(Saved data entries)
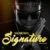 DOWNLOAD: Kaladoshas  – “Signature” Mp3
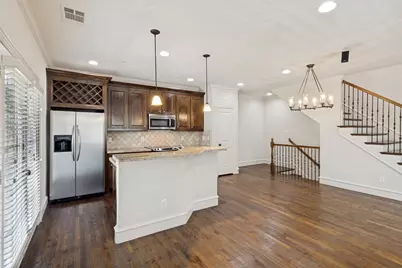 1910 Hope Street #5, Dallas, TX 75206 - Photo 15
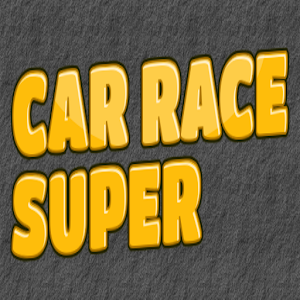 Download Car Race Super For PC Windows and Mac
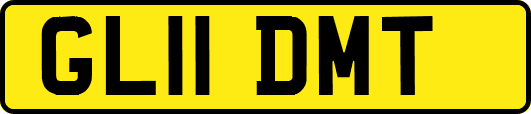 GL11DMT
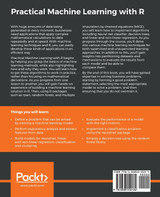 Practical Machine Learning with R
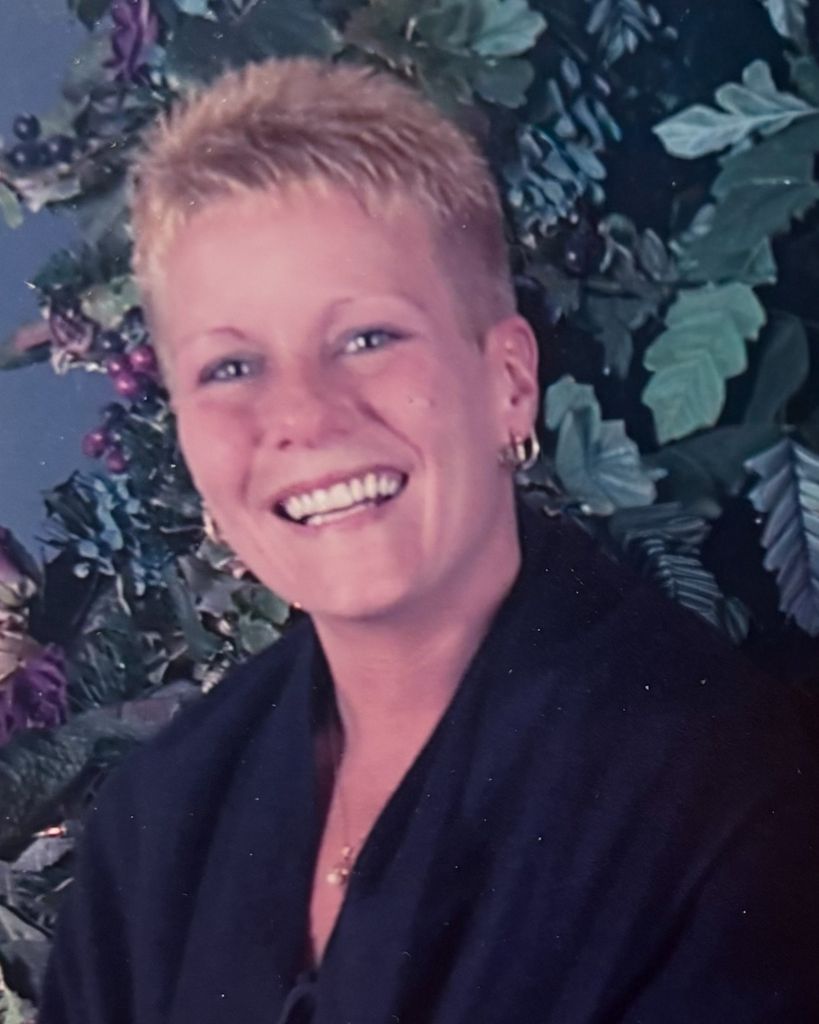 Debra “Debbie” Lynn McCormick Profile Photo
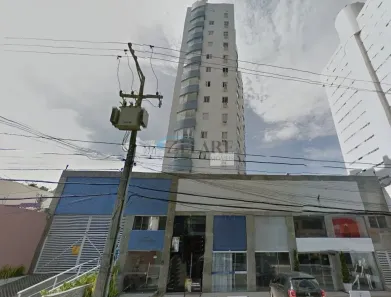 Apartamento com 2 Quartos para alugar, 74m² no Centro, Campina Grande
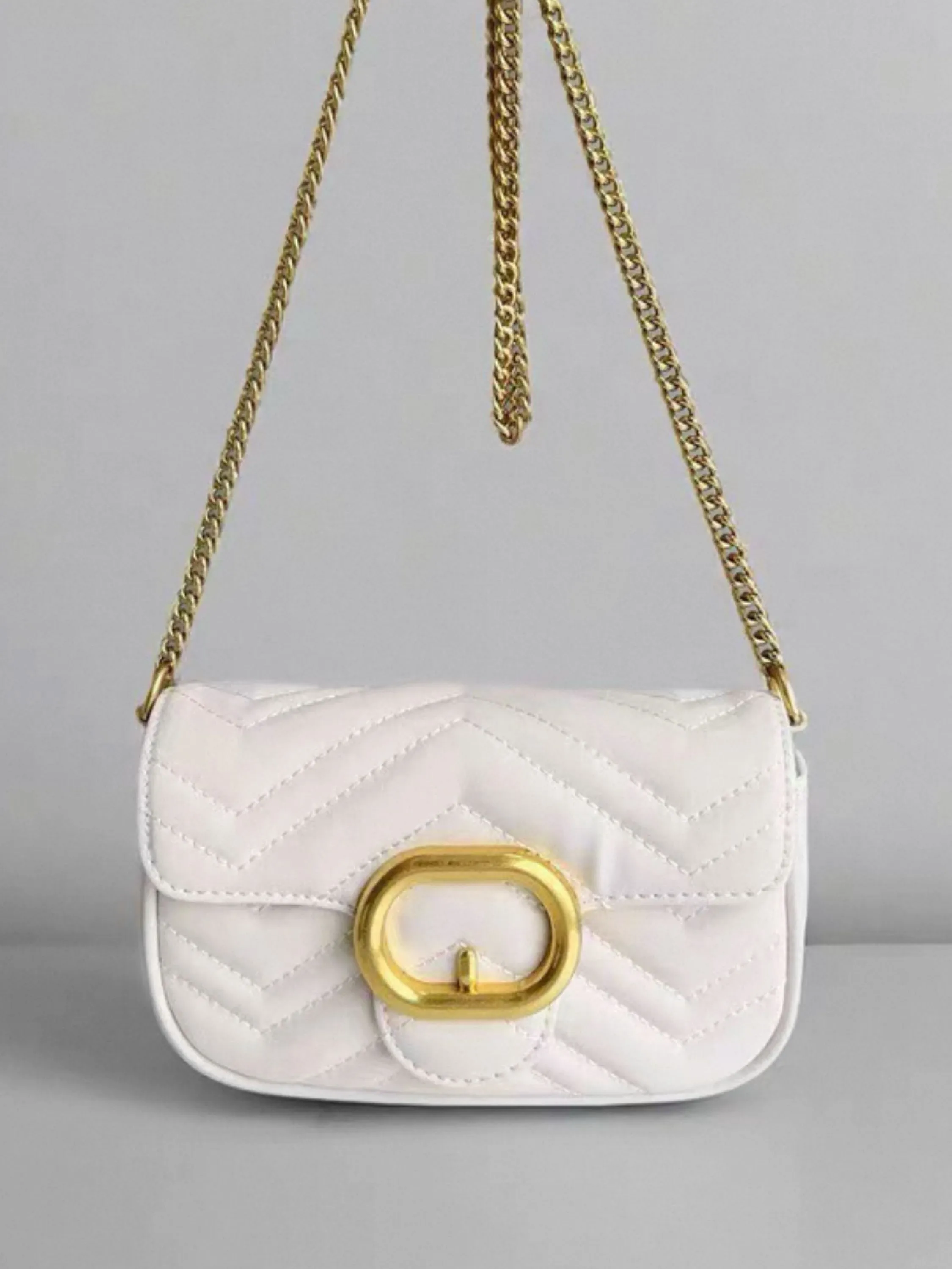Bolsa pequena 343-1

--

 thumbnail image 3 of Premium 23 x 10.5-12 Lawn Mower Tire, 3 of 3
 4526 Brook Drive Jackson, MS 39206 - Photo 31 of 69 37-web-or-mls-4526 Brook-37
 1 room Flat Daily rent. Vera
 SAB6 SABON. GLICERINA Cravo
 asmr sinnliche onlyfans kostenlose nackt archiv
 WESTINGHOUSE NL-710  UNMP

• WHAT NEEDS TO BE DONE: Output only the lines above from the line that holds "1910 Hope Street" through the line that holds "Bolsa pequena 343-1", both ends included, and exclude pictures.

• ANSWER:
 1910 Hope Street #5, Dallas, TX 75206 - Photo 15
 Download Car Race Super For PC Windows and Mac
 GL11DMT
 Practical Machine Learning with R
 Debra “Debbie” Lynn McCormick Profile Photo
 Apartamento com 2 Quartos para alugar, 74m² no Centro, Campina Grande
Bolsa pequena 343-1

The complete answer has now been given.